On the Compositionality Prediction of Noun Phrases using Poincaré Embeddings
This addresses the problem of accurately interpreting multiword expressions for natural language processing applications, representing an incremental advance by enhancing existing methods with hierarchical data.
The paper tackled predicting the compositionality of noun phrases by blending hierarchical hypernymy information encoded via Poincaré embeddings with distributional data, achieving consistent and substantial statistically significant improvements over state-of-the-art models across three datasets.
The compositionality degree of multiword expressions indicates to what extent the meaning of a phrase can be derived from the meaning of its constituents and their grammatical relations. Prediction of (non)-compositionality is a task that has been frequently addressed with distributional semantic models. We introduce a novel technique to blend hierarchical information with distributional information for predicting compositionality. In particular, we use hypernymy information of the multiword and its constituents encoded in the form of the recently introduced Poincaré embeddings in addition to the distributional information to detect compositionality for noun phrases.
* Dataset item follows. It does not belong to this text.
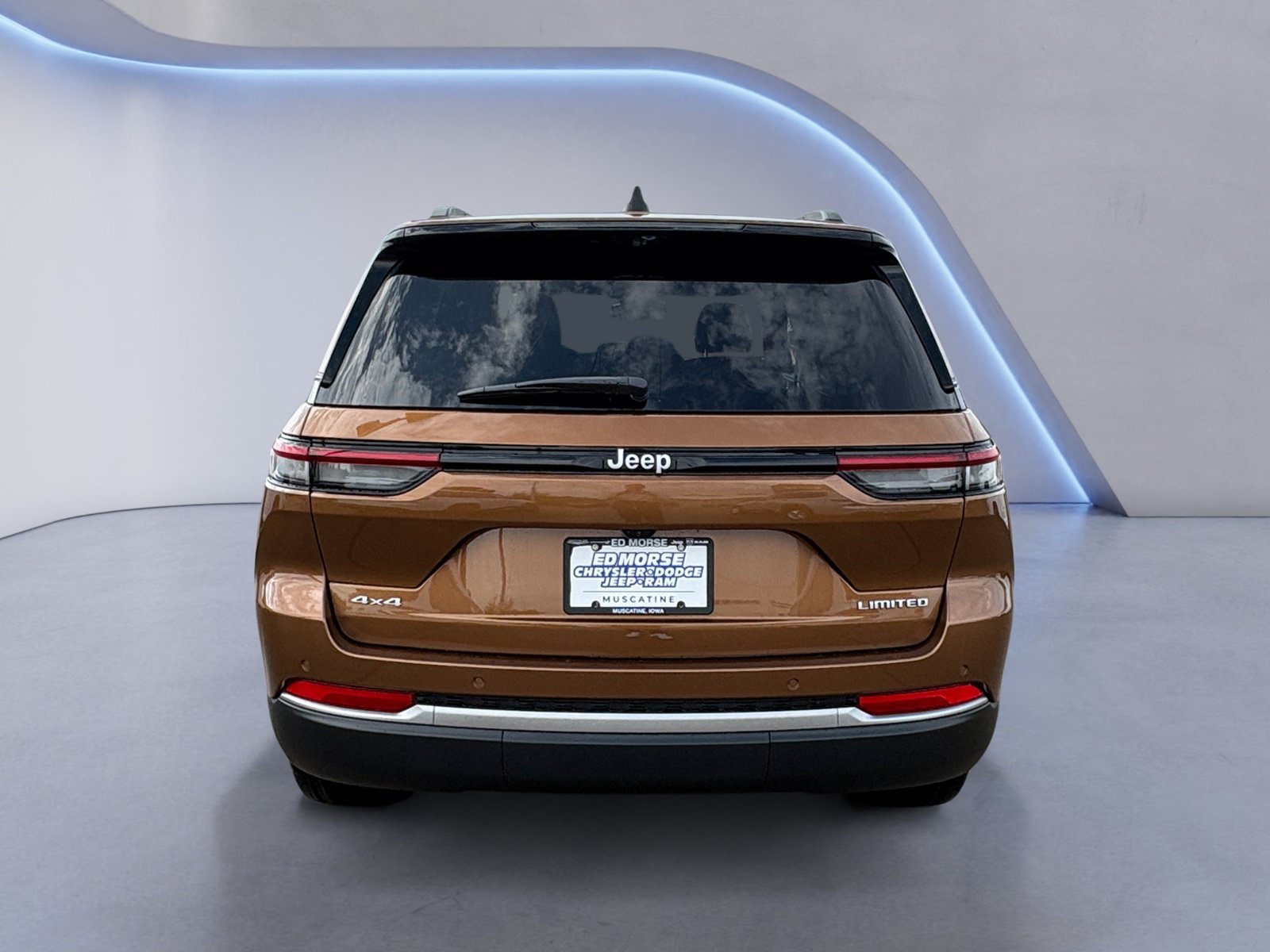 New 2027 Jeep Grand Cherokee Limited AWD/4WD image 4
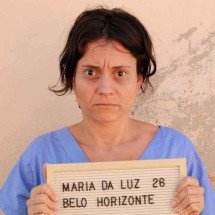 Mulher confundida com paciente psiquiátrica na peça ‘Ligação perdida’  - Vinícius Alves/Divulgação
Using a weighted average of the distributional similarity and a Poincaré similarity function, we obtain consistent and substantial, statistically significant improvement across three gold standard datasets over state-of-the-art models based on distributional information only. Unlike traditional approaches that solely use an unsupervised setting, we have also framed the problem as a supervised task, obtaining comparable improvements. Further, we publicly release our Poincaré embeddings, which are trained on the output of handcrafted lexical-syntactic patterns on a large corpus.